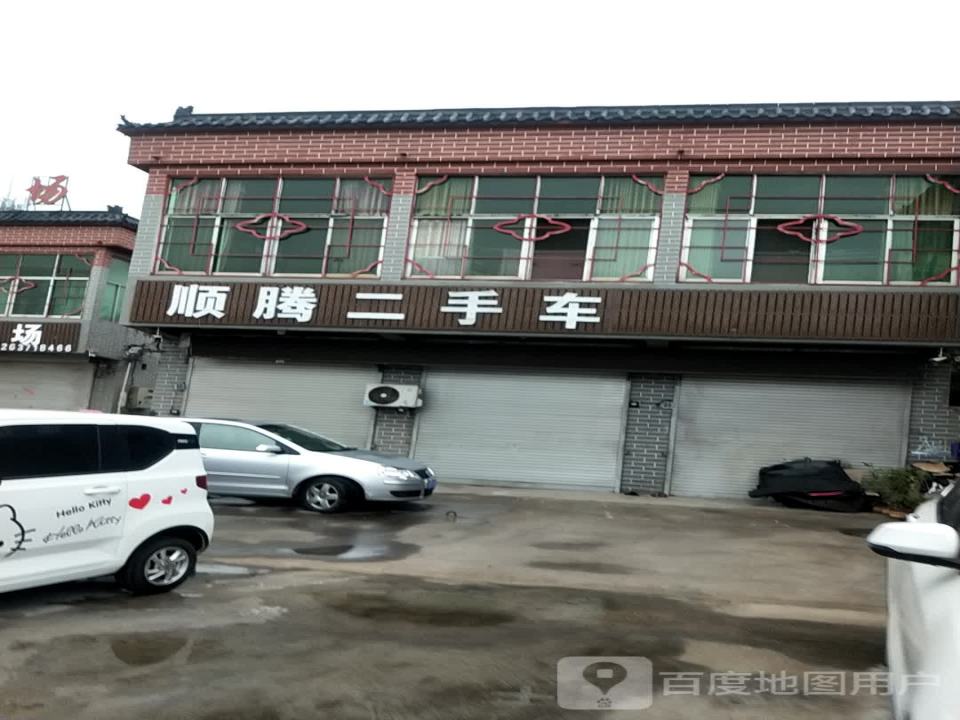 顺腾汽修二手车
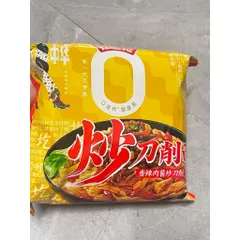Combo 2 Gói Mì Nội Địa Trung (Mì Bò Om + Mì Bò Trộn) - Mì Cắt Bản To Lameifan Không Chiên Sợi Dai Ng
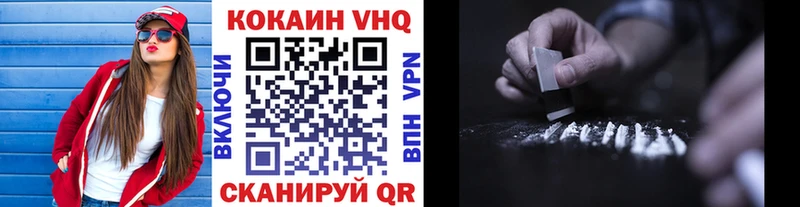 даркнет официальный сайт  Санкт-Петербург  Кокаин Эквадор 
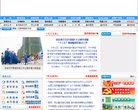 网站类型： 综合其他，门户网站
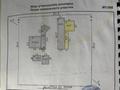 Отдельный дом · 4 комнаты · 119.5 м² · 6 сот., Село тасшоки за 7 млн ₸ в Тогызкудук — фото 2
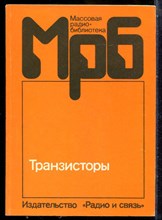 Транзисторы | Справочник. - 1989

*-*-*

Your instructions = Extract all the entries word for word; omit any pictures.

Task output =
 顺腾汽修二手车
Combo 2 Gói Mì Nội Địa Trung (Mì Bò Om + Mì Bò Trộn) - Mì Cắt Bản To Lameifan Không Chiên Sợi Dai Ng
 даркнет официальный сайт  Санкт-Петербург  Кокаин Эквадор 
 网站类型： 综合其他，门户网站
 Отдельный дом · 4 комнаты · 119.5 м² · 6 сот., Село тасшоки за 7 млн ₸ в Тогызкудук — фото 2
 Транзисторы | Справочник. - 1989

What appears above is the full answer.